What the task asks: Look for the line that has "FRANKIES BIKINI SET" in the material below; please repeat it and every line after it, exactly, up to and including the line that has "Novus Laureles", and nothing else.

The data:
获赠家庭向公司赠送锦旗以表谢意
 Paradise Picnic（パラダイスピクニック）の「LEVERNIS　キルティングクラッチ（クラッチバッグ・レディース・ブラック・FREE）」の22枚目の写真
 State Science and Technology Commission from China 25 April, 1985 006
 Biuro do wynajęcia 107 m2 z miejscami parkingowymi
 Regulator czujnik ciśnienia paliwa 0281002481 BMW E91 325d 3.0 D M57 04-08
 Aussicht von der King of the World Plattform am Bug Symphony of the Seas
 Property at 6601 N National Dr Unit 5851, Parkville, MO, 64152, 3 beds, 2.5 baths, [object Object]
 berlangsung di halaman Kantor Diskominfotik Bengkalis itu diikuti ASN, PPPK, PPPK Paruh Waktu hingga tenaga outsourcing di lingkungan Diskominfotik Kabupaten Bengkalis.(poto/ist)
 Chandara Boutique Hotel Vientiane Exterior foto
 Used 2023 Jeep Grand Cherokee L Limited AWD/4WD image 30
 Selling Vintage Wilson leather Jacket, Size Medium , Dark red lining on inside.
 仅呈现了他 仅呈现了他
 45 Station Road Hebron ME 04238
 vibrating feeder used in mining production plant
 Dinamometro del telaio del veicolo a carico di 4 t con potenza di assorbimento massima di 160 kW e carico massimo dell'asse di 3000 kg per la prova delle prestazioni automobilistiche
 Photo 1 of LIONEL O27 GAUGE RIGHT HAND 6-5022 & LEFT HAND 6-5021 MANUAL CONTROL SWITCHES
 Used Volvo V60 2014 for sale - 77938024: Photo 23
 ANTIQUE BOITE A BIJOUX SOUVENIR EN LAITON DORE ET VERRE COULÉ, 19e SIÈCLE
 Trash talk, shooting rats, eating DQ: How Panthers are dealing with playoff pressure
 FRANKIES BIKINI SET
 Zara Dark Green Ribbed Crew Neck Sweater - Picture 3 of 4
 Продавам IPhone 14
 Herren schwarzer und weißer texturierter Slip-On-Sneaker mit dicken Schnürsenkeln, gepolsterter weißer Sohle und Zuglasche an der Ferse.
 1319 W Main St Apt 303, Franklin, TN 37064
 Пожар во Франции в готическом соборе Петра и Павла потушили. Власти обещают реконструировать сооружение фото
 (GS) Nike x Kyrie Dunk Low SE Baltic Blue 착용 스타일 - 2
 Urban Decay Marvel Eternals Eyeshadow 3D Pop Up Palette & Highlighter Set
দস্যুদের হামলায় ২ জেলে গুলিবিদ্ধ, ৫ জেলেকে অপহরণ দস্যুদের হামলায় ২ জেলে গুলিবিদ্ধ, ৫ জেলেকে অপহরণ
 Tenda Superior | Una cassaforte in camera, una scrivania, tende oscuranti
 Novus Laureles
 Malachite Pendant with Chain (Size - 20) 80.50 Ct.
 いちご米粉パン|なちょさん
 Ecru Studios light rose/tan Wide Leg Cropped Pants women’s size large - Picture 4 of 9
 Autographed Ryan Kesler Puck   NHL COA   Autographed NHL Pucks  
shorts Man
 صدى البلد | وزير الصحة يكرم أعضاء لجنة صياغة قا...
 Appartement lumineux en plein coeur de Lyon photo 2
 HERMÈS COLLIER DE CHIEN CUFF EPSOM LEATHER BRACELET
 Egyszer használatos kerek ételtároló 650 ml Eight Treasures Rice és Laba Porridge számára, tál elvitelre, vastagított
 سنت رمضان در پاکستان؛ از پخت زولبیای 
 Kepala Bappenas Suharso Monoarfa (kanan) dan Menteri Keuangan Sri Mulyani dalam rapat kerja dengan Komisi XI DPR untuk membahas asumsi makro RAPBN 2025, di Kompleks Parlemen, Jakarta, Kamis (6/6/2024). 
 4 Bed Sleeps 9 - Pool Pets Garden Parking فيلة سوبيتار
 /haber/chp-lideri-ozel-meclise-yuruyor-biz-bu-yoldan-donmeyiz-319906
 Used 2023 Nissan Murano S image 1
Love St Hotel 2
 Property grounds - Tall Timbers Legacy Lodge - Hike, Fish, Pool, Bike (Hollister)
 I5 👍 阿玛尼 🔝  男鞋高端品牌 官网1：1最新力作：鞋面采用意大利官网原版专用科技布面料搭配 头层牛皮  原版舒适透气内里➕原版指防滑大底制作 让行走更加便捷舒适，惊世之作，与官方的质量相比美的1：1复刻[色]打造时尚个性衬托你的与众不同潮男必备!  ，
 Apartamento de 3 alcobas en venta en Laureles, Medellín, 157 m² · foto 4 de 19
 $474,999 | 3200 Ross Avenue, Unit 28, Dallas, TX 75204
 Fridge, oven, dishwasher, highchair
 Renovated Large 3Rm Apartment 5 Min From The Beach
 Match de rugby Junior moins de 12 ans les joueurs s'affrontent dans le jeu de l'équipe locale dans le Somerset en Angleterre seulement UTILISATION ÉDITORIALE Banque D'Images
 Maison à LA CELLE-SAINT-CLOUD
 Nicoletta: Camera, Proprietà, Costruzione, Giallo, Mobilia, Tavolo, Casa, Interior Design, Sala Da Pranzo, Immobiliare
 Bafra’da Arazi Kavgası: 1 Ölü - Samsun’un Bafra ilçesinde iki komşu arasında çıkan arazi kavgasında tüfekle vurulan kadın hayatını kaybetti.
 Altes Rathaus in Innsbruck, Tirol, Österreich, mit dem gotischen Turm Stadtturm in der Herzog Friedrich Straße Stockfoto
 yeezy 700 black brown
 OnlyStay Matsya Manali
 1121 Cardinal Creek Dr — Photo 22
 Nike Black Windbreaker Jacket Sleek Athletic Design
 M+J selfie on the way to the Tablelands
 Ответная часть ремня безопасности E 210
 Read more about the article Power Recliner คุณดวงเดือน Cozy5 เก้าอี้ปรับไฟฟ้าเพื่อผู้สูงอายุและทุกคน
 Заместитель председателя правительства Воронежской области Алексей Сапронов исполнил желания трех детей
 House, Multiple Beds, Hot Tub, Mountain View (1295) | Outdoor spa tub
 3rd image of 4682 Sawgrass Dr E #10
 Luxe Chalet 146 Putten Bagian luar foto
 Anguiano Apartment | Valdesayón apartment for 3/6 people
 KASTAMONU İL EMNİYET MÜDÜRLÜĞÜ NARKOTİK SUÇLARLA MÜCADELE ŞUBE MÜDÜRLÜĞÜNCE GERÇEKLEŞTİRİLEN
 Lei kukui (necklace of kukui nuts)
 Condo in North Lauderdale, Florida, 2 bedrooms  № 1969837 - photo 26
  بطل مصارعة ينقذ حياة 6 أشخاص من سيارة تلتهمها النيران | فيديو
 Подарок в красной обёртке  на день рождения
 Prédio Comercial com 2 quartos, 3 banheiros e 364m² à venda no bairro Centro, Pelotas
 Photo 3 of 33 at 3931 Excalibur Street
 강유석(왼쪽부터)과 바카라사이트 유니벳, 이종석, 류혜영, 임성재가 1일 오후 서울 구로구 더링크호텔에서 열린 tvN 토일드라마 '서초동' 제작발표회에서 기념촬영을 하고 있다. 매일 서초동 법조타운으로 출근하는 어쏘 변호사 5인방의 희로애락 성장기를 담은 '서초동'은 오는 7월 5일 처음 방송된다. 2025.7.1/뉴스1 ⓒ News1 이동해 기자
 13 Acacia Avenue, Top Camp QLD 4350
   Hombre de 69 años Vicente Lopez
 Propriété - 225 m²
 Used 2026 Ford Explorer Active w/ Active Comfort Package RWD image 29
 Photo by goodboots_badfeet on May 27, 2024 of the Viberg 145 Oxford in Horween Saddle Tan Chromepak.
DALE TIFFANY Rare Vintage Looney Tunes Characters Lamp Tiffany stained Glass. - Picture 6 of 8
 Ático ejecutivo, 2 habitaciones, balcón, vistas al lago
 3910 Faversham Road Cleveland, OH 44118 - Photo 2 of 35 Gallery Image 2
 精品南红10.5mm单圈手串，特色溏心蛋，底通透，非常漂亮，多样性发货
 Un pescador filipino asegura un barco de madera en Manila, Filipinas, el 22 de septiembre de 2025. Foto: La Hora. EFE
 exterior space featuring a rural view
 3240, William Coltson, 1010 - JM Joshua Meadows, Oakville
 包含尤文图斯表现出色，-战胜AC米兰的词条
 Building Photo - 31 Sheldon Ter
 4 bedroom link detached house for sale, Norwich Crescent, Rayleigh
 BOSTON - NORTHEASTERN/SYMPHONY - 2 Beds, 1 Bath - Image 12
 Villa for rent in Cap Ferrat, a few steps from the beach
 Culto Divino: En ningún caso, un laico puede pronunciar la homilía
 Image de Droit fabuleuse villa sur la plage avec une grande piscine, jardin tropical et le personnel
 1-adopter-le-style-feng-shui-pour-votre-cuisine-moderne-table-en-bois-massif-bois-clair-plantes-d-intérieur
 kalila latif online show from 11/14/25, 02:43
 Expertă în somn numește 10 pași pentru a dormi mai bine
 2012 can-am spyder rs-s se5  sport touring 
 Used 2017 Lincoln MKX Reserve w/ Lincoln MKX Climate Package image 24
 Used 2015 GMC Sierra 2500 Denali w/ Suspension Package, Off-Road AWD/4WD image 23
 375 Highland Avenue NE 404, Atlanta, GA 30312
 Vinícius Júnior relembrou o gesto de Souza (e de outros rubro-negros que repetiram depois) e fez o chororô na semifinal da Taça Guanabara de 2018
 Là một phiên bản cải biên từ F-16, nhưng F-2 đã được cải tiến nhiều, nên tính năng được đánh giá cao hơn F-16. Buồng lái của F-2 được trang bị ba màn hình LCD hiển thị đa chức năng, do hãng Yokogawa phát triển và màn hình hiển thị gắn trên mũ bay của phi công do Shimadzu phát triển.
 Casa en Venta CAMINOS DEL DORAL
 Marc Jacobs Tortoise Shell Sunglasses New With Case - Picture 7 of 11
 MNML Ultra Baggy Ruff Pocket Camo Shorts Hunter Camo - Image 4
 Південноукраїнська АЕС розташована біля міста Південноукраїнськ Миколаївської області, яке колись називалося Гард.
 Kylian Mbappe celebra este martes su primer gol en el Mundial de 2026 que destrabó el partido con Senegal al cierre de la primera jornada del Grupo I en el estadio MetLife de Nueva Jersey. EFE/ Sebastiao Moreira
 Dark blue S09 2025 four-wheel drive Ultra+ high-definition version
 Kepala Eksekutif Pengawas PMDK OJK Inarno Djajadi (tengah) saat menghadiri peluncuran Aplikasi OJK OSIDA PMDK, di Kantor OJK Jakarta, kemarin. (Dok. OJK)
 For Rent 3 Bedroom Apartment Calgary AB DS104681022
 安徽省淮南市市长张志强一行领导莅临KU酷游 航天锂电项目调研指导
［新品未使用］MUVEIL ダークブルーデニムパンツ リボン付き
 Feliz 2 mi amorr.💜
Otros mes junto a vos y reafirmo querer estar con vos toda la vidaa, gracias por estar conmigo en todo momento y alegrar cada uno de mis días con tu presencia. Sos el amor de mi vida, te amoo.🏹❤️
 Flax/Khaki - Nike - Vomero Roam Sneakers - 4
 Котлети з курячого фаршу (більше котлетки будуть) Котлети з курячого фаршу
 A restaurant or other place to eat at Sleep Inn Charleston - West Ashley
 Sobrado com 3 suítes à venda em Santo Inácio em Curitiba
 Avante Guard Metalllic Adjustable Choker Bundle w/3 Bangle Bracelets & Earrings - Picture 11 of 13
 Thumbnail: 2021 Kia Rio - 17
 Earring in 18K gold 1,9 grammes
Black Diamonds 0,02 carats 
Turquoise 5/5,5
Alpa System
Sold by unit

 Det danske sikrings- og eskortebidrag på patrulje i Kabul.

Solution to this problem:
 FRANKIES BIKINI SET
 Zara Dark Green Ribbed Crew Neck Sweater - Picture 3 of 4
 Продавам IPhone 14
 Herren schwarzer und weißer texturierter Slip-On-Sneaker mit dicken Schnürsenkeln, gepolsterter weißer Sohle und Zuglasche an der Ferse.
 1319 W Main St Apt 303, Franklin, TN 37064
 Пожар во Франции в готическом соборе Петра и Павла потушили. Власти обещают реконструировать сооружение фото
 (GS) Nike x Kyrie Dunk Low SE Baltic Blue 착용 스타일 - 2
 Urban Decay Marvel Eternals Eyeshadow 3D Pop Up Palette & Highlighter Set
দস্যুদের হামলায় ২ জেলে গুলিবিদ্ধ, ৫ জেলেকে অপহরণ দস্যুদের হামলায় ২ জেলে গুলিবিদ্ধ, ৫ জেলেকে অপহরণ
 Tenda Superior | Una cassaforte in camera, una scrivania, tende oscuranti
 Novus Laureles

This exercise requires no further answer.